What you need to do:
Reproduce the listing below word for word, with no pictures.

*** Supplied material ***

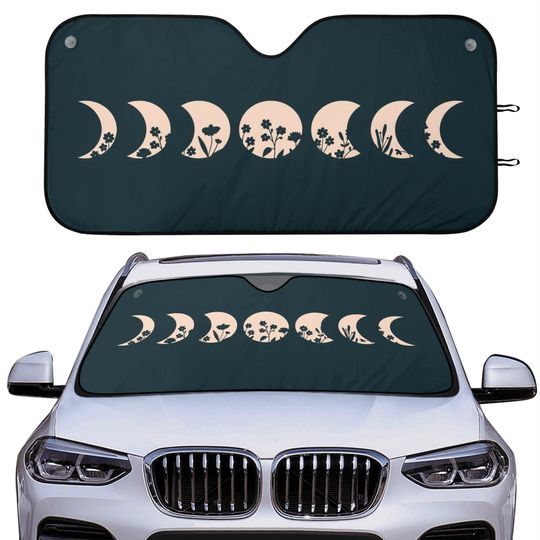 Discover Cute Floral Boho Moon Phases Car Sun Shade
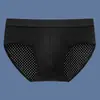 Cuecas masculinas de seda gelada com malha de secagem rápida, respiráveis para o verão, underwear perfurado fresco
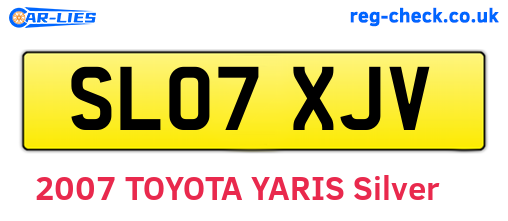 SL07XJV are the vehicle registration plates.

*** End of Supplied material ***

Problem solution:
 Discover Cute Floral Boho Moon Phases Car Sun Shade
 Cuecas masculinas de seda gelada com malha de secagem rápida, respiráveis para o verão, underwear perfurado fresco
 SL07XJV are the vehicle registration plates.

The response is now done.